EXERCISE INSTRUCTIONS
From the records below, print exactly the lines starting at the one containing "Taxi Cab Ugly" and ending at the one containing "USB 3.0 A/M", ends included, and nothing else.

MATERIAL PROVIDED

• • • • • • •

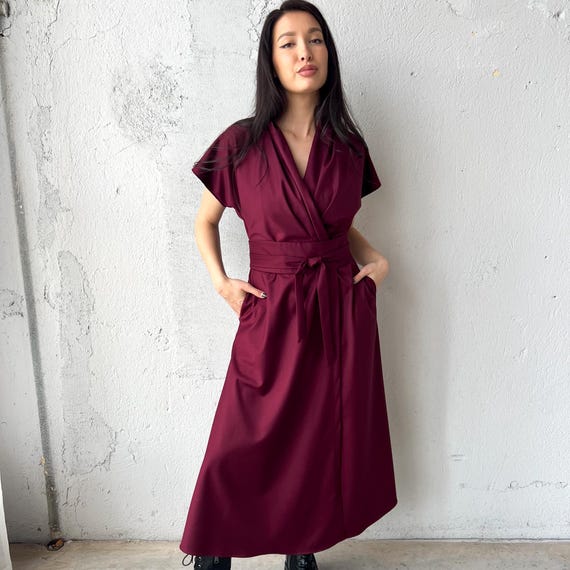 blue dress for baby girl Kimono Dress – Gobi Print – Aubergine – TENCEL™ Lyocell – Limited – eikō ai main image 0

• • • • • • •

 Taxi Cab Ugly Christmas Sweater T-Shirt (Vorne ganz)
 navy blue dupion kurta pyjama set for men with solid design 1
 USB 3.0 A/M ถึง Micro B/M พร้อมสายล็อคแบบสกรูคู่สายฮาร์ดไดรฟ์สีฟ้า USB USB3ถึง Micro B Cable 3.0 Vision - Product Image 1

• • • • • • •

EXERCISE RESPONSE
 Taxi Cab Ugly Christmas Sweater T-Shirt (Vorne ganz)
 navy blue dupion kurta pyjama set for men with solid design 1
 USB 3.0 A/M ถึง Micro B/M พร้อมสายล็อคแบบสกรูคู่สายฮาร์ดไดรฟ์สีฟ้า USB USB3ถึง Micro B Cable 3.0 Vision - Product Image 1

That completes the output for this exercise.